Why do people marry?  Ah!  Listen, if you could just sit down in that pastor’s study and listen to the recounting of the providences that brought two people together; the things that you will listen to!  Sometimes they marry for spite.  Isn’t that the strangest thing you ever saw?  They had been going together with somebody and they break up and get mad.  And then just for spite against that one, they’ll marry somebody else.  Now that is the honest truth.  And it is frequent.  They marry for spite many, many, many times.  And especially is this true with a girl.

Many, many, times they marry because of uncongenial surroundings.  They are in a home where there is a stepmother or a stepfather or the parents somehow are not kind.  And any thing, any way to get out of the house, to get out of the home, to get away—and they marry just because of uncongenial surroundings.

Sometimes they marry—and now this is an endless succession—they marry for money.  They marry for prestige.  They marry for fame, for fortune, for personal advantage.  Many times they marry in order to be supported, to marry to have a home.  Ah!  And how many things will you find that have caused a couple to marry.  There is only one honest-to-goodness real reason for a marriage, and that is that Jacob loves Rachel, and Rachel loves Jacob.

Now I suppose, now this is a supposition on your pastor’s part.  I am just looking now.  I am just talking.  This isn’t Bible.  This is just me right here.  I suppose that when time goes on, and the years wear away, and you have an old man and an old woman or maybe a middle-aged man and middle-aged woman and they are congenial and they want to marry for convenience’ sake, just to have somebody take care of them when they are sick or in age you know, I suppose that’s all right.  I suppose it is just to marry just to have somebody feed you, or cook for you, or clean the house for you, or do the laundry for you, or whatever it is that old folks would marry for.  I suppose that’s all right.  I suppose that’s all right.  I’m just talking now.  That’s just me.
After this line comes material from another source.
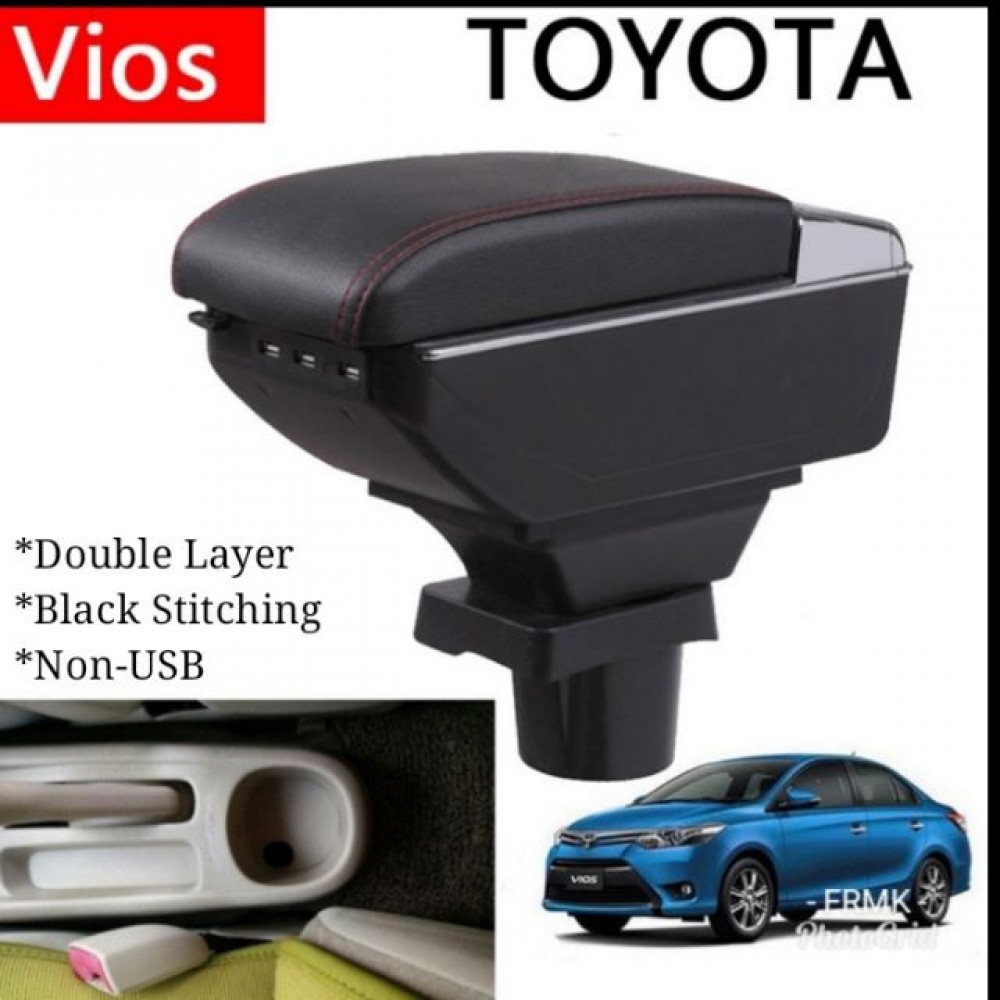 Armrest Toyota Vios 2002-2013 Double Layer Black Stitching (Non-USB)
But outside of that, outside of that and especially could I say it to young people?  Outside of that, no girl, no boy, no matter what should ever marry for any other reason than that you love the guy.  You love the fellow.  He loves you and you love him.  I tell you if you marry for that, whether you live in a chicken coop or a palace, whether you are poor or rich, whether you are famous or infamous, whether you live here or there it won’t matter very much.  But you have got to love the fellow.  And if you do, you have the first basis for a wonderful and a happy marriage.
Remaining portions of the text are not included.